Sentimental Sunday: Fire at St. Nicholas

from Chicago Daily Tribune, February 4, 1898
As noted in an earlier post, the original St. Nicholas Catholic Church in Evanston, Illinois, burned down February 3, 1898.  Construction began on a new church building in 1904, with completion in 1906.
Where did the parish meet in between?

Alan Kozlowski, who is involved with the parish's 125th anniversary this year, send me the article at left (and a more detailed article from the February 5, 1898, Evanston Index) as well as the picture below, as well as the following information from the parish's 50th anniversary book:

Temporary Accommodations 
Now again the flock was homeless. Again Mass was said in a hall, this time in Burden's store, on the north side of Main Street between Sherman and Custer. Father Biermann moved temporarily to a building owned by Mr. Risch, at 832 Custer Avenue. After a week school was reopened in Burden's store. 

Father Hugh P. Smyth of St. Mary's [Catholic Church, also in Evanston,] with the generous cooperation and sympathy that was characteristic of his entire life, at once offered Father Biermann the use of his church. One Mass was thereafter said at Burden's store, and one at St. Mary's.  

The New School 
Father Biermann's first thought after the fire was to restore school facilities. The first building to be erected after the fire was a four room school building with a basement hall. It was completed the year of the fire [1898] and the hall served as the church until 1905.

Above is a photo Alan Kozlowski sent of the school basement hall that served as the church from sometime after February 1898 to sometime in 1905. It looks like it is decorated for a special occasion - perhaps First Communion, or a wedding?

My great uncle Otto Richard "Dick" Pape may have been baptized in the hall picture above, as that event occurred on November 13, 1898.  Based on other church records, it's possible that some of his siblings had their First Communions or were confirmed in this building, and that their first cousin Hugo Pape was married in this hall.
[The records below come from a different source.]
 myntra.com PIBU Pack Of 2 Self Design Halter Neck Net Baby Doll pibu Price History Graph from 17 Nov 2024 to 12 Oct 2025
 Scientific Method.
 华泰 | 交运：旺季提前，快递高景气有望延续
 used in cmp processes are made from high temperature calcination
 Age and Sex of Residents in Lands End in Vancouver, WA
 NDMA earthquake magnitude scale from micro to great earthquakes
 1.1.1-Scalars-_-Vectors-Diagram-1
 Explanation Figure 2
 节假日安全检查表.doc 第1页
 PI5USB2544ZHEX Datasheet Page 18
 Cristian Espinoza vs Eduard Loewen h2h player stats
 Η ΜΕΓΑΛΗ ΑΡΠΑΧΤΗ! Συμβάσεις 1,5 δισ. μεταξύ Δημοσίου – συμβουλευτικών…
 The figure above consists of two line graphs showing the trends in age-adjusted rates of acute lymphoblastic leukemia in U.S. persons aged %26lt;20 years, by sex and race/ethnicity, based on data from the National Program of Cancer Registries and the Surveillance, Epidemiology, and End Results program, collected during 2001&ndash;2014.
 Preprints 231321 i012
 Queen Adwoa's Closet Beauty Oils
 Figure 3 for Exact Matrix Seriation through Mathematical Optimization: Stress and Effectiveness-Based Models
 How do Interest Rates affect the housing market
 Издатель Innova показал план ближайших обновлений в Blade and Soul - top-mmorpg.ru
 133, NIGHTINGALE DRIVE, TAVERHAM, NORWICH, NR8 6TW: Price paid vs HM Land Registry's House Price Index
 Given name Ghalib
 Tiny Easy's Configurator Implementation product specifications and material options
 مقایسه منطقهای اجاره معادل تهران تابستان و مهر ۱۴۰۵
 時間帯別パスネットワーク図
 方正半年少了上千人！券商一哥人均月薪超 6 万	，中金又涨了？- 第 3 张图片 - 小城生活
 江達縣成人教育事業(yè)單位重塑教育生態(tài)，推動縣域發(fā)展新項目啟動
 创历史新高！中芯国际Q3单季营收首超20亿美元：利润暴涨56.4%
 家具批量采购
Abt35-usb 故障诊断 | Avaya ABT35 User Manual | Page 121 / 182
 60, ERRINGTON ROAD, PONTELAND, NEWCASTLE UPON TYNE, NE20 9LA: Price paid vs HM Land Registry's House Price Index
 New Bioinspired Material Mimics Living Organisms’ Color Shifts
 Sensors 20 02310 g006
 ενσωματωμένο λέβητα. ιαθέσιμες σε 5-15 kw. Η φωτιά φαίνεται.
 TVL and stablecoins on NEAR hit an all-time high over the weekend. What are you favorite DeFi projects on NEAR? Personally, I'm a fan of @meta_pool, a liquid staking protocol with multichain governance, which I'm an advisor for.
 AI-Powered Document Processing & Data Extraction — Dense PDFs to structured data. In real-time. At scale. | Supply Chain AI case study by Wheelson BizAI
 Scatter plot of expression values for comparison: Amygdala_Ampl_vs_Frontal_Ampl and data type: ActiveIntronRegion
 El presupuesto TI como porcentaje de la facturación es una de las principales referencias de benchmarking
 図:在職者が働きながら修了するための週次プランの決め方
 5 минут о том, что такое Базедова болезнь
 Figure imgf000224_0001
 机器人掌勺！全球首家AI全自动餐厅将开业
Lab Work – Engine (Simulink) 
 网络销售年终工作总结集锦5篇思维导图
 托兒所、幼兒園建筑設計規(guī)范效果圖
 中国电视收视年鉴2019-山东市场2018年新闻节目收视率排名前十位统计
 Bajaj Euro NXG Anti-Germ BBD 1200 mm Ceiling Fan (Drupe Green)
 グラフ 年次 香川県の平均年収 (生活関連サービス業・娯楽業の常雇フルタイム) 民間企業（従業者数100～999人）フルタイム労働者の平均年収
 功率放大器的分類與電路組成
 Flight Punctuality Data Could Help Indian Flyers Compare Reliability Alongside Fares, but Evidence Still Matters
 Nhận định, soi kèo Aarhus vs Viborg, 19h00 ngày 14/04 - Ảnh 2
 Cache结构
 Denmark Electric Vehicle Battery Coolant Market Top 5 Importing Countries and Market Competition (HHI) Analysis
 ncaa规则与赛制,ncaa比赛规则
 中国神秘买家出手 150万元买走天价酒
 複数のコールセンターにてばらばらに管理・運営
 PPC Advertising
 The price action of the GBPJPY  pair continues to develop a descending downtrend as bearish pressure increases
Below is a photo sent by Jim Heckenbach (a descendant of the Didiers, a founding family of the parish).  It's a picture of students at St. Nicholas School in 1899, so this must be the new school/basement church hall referred to above, built in 1898.  I love some of the little details in this photo:  the potted plants on the windowsills, the USA flag with 46 stars, the boy in the top row blowing a horn, the row of boys with drums, the crooked sign, and the bicycles!  Perhaps the priest on the left is Father Biermann; the nun might be Sister Justine.

I don't recognize any of my Pape kin in this photograph.  It's possible the John Pape family had already moved to Chicago by this point (where they were definitely living in 1900, according to the Census and to youngest son Walter's baptismal record).